WHAT NEEDS TO BE DONE: Set down, exactly and only, everything from the line containing "Men's Houston Astros" down to the line containing "SALE !! Moroccan" in the data below; the pictures are not part of the copy.

PROVIDED RECORDS:
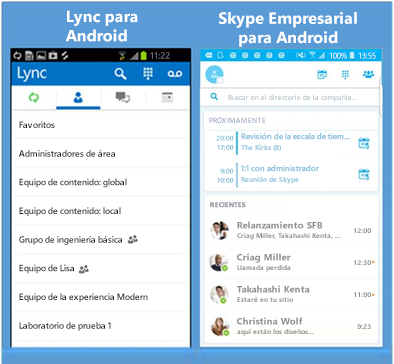 Capturas de pantalla en paralelo de Lync y Skype Empresarial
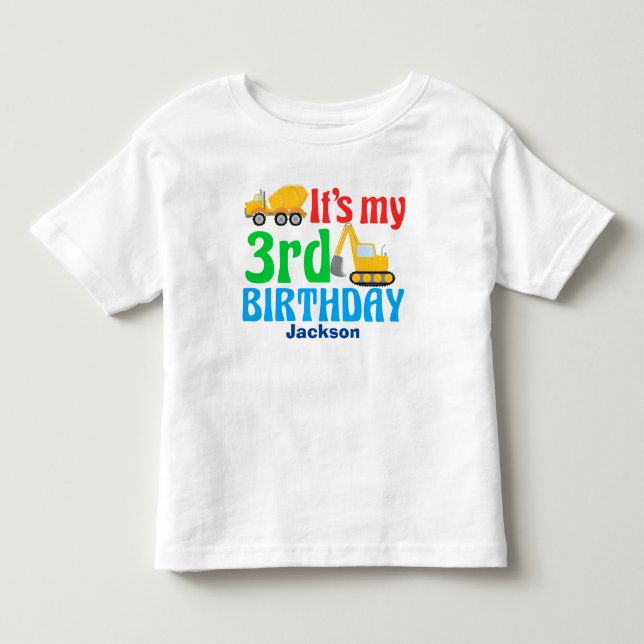 T-shirt aniversário de 3 anos Kids Construction Vehicle Pa (Frente)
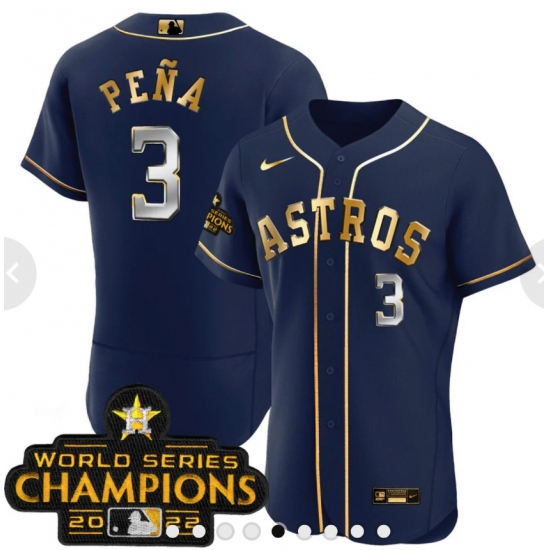 Men's Houston Astros #3 Jeremy Pena 2023 Blue Gold World Serise Champions Base Stitched Jerseys - Ujersey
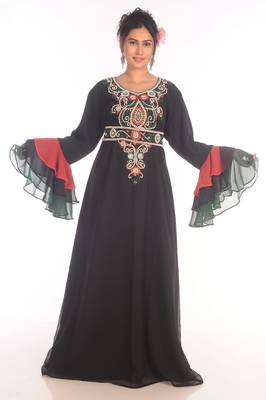 SALE !! Moroccan Islamic Kaftan Beach Fancy Modern Floor Length Bell Sleeve For Women Dress 1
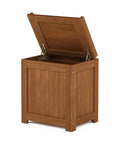 Outdoor Hardwood Storage Box With Slatted Vent Design For Drainage Raised Base Keeps Contents Dry Weather Resistant Porch Chest For Cushions Tools And Toys In Natural Finish, front view with lid open.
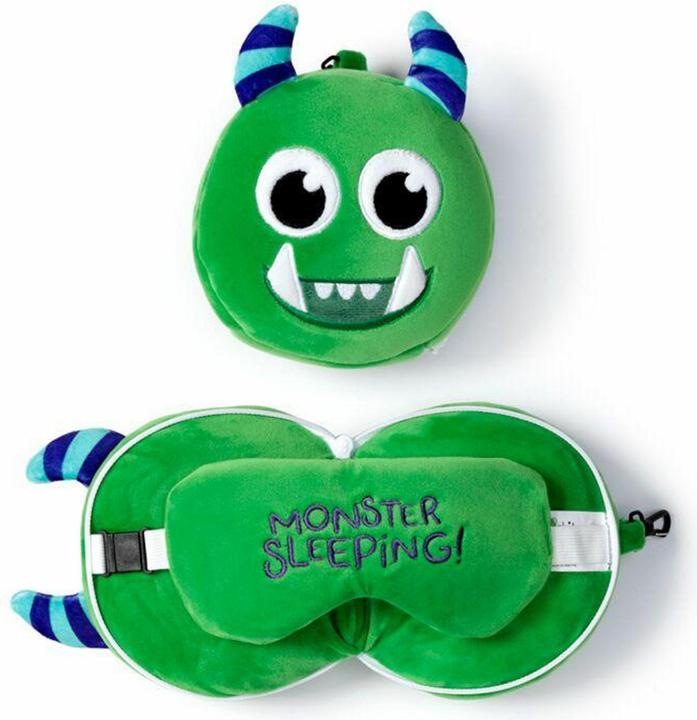 Immagine prodotto Puckator Relaxeazzz Cuscino da viaggio rotondo in peluche verde Monstarz Monster con maschera per gli occhi (Copertina del passaporto)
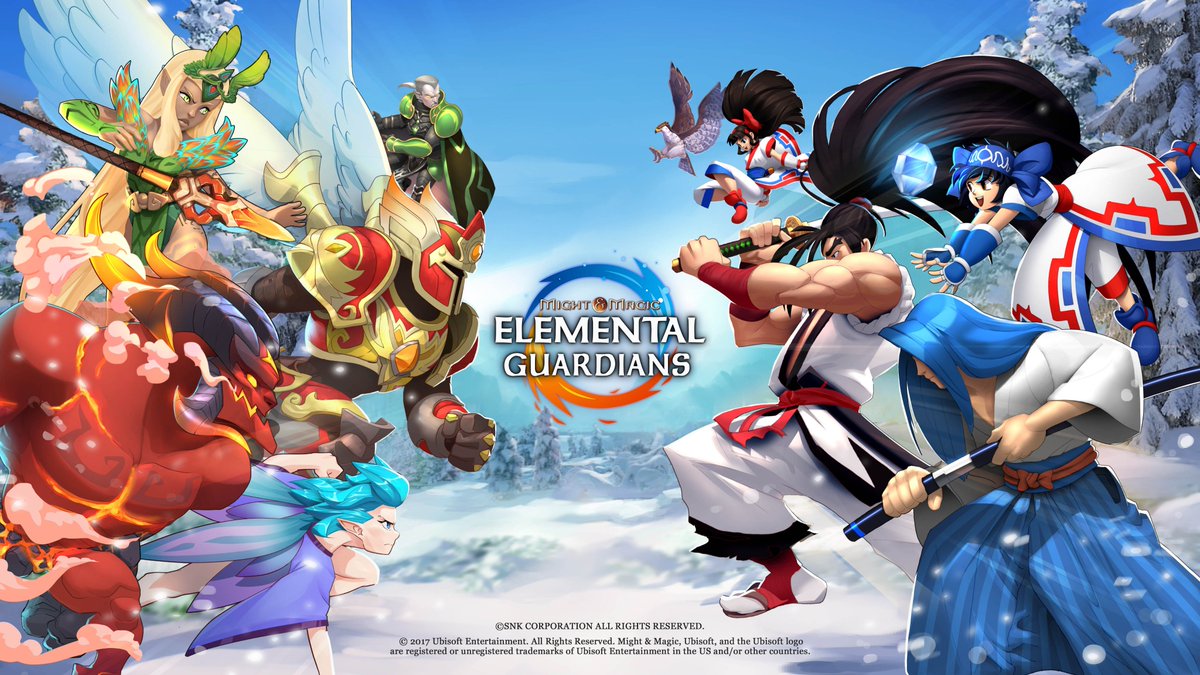 SNKPofficial_jp's tweet photo. SNKの格闘ゲーム『サムライスピリッツ』の人気キャラクターが、Ubisoft社の人気スマートフォンゲーム『マイトアンドマジック・エレメンタルガーディアンズ』に参戦。本日よりコラボイベントを開催！
#SNK #Ubisoft #Mmeg

App Store
https://t.co/6wS28g3Mxw
Google Play
https://t.co/Ox0pteUiE4 https://t.co/LDSxMNibKQ
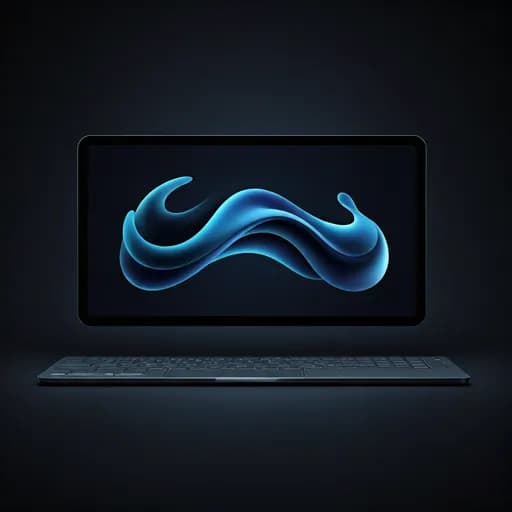Vortex Agency laptop visual identity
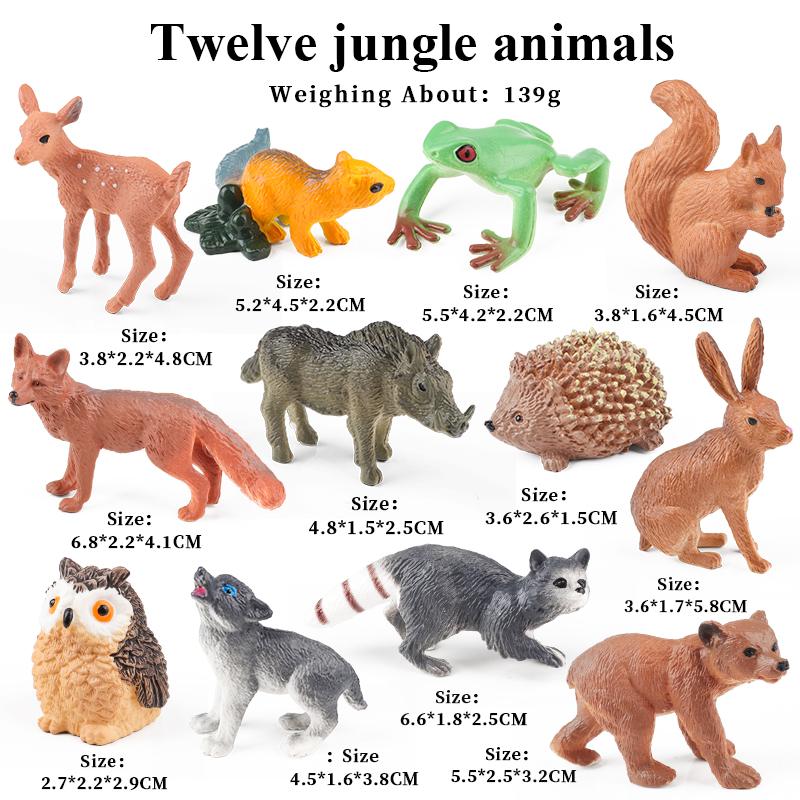 Oenux Small Farm Wild Animal Model Lion Tiger Sheep Pig Dog Action Figures PVC Lovely Miniature Playset Education Kid Toys Gift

EXPECTED OUTPUT:
 Men's Houston Astros #3 Jeremy Pena 2023 Blue Gold World Serise Champions Base Stitched Jerseys - Ujersey
 SALE !! Moroccan Islamic Kaftan Beach Fancy Modern Floor Length Bell Sleeve For Women Dress 1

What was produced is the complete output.